Within the listing below, tally the lines where the word "look" appears, and answer with nothing but the tally.

:: Records shown ::

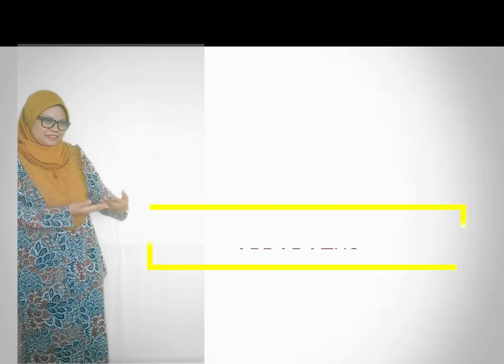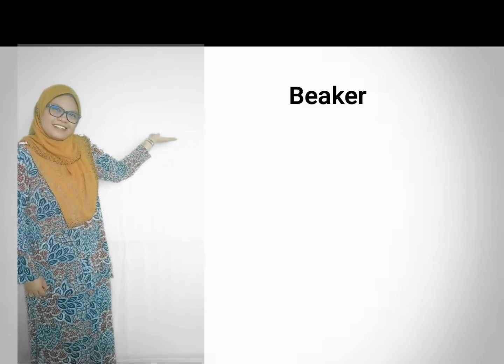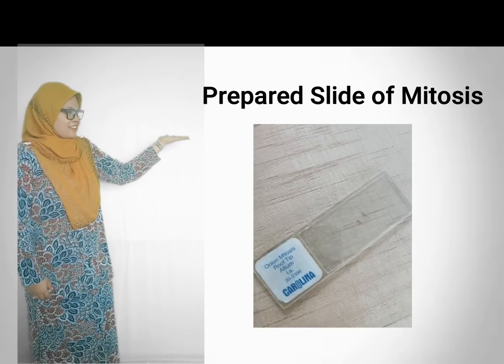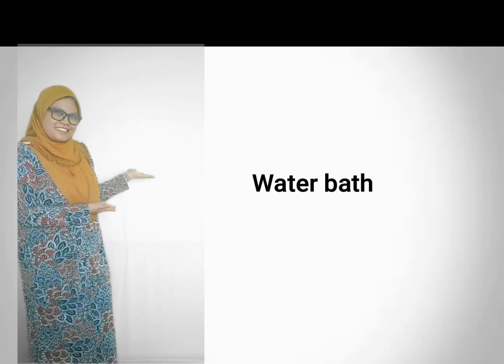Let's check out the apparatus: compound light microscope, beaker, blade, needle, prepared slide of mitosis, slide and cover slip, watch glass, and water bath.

:::
:: Records shown ::

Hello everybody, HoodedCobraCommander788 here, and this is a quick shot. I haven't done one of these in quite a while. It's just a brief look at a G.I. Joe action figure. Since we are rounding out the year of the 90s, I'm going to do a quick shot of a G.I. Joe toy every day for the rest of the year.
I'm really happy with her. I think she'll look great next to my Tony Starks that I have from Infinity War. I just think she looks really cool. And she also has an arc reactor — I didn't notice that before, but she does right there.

:::
:: Records shown ::

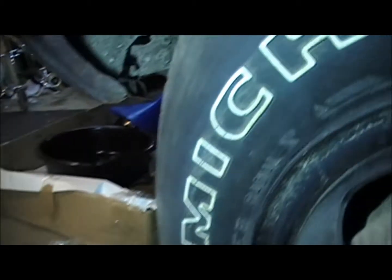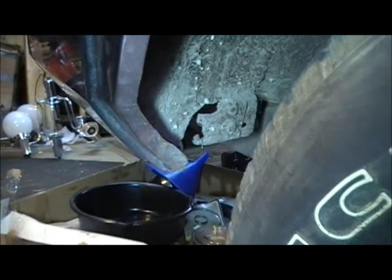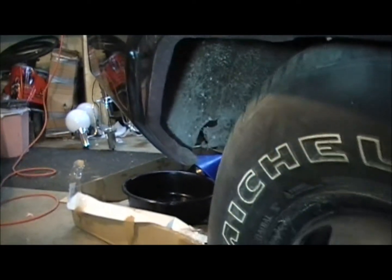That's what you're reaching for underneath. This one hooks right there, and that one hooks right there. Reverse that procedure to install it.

:::

Problem solution> 2